“I’m not sure yet.”


This is an artwork I heard about, and in truth there was nothing to see. Jon Carritt and Dan Palmer, two artists who share work space had erased themselves from an Open Studio weekend at Phoenix Art Space, Brighton. They had plastered over their studio door.

A few indications remained that there was once a work space here: a smoke alarm above the soon-dry plaster facade, names and a numbered indication on the weekend floorpan, or a recent memory which a visitor might have had that surely… there was a door here!?

I’ll quickly gloss over the pop cultural suggestions which hidden realms evoke. From The Secret Garden to Harry Potter, via Narnia and Doctor Who, any suggestion that an entrance is hidden is sure to set the imagination racing.

However, Carritt and Palmer are conceptual artists and having visited their studio I can report it is  very minimal, with a few books, a dusty speaker, and a couple of tidy desks.
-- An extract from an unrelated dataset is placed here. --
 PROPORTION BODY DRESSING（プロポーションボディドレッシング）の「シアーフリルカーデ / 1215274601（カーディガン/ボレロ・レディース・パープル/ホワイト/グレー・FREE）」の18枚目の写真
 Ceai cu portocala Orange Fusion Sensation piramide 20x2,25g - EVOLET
If an art-loving Harry Potter fan had had the means (magical or otherwise) to break through this wall during Open Studios, they would have been sorely disappointed.

Phoenix studios on Grand Parade were replete with c.120 additional artists who were more or less happy to exhibit some of their output and welcome you to their domains. It was all part of a busy time in Brighton, in that merriest of monks: May.
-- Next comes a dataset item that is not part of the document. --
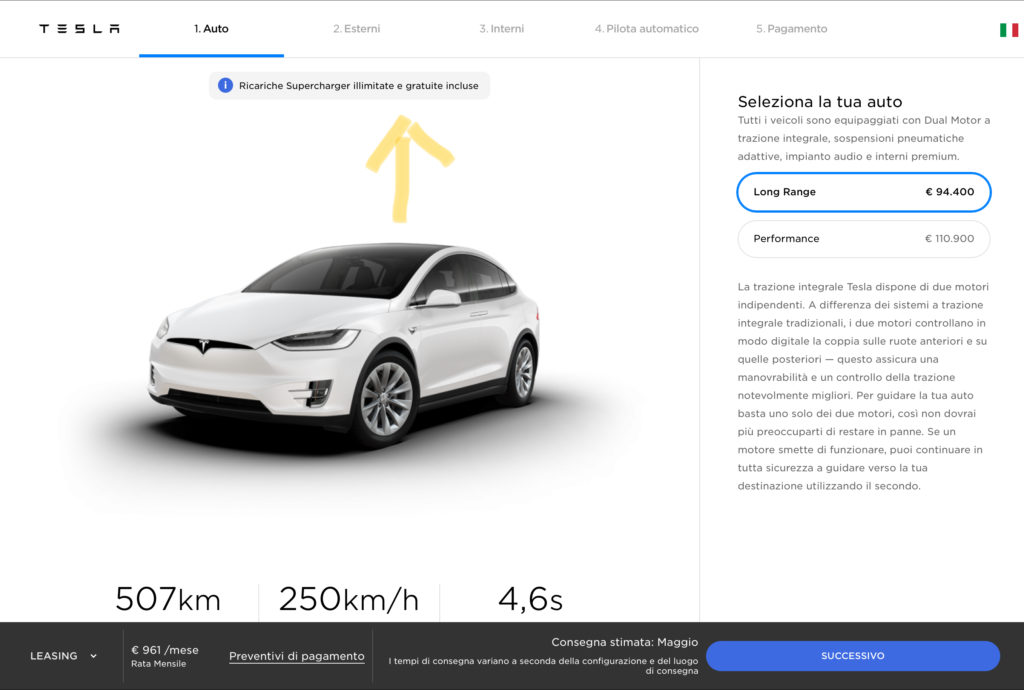 La Tesla offrirà Supercharger gratis a vita ai nuovi acquirenti di Model S e Model X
This time of year ushers in our annual Open House season. Some 180 domestic venues across these environs offer you the chance to inspect other people’s kitchens, gardens and artwork. All this, as England’s biggest arts festival and its growing Fringe casts a jubilant shadow across town.

Carritt and Palmer had inevitably delivered a modest affirmation of the untrammelled spirit of play and creativity that can take over during a festival or a biennial. But it was also a negation of some aspects of this energetic celebration. 

Brighton Open House Festival is, after all, a professionally organised event which allows 100s of local artists to monetise their practice, if only for a month now (and three weekends at Christmas).

With a light touch and a hard edge, Carritt and Palmer build on their contributions from previous years: a plinth to block the entrance, video footage their studio on the locked door, a waiting ticket dispenser, a bouquet of flowers – with apologetic note. This year their studio was ‘colonised’ by Phoenix neighbour, painter Mike Stoakes. 

I asked Carritt for a bit of explanation of all this, specifically I wanted to know whether last year’s building work had a title. He said: “If we considered it today as an artwork, we might refer to it as ‘disappearing studio’, or ‘plastered-over studio door’, but I’m not sure yet.”

That doubt, in a civic context where art and culture are promoted so aggressively, and blindly at times, is doubtless important. I wish I’d seen the artwork, if that it be, and I’m also glad, in a sense, that I didn’t.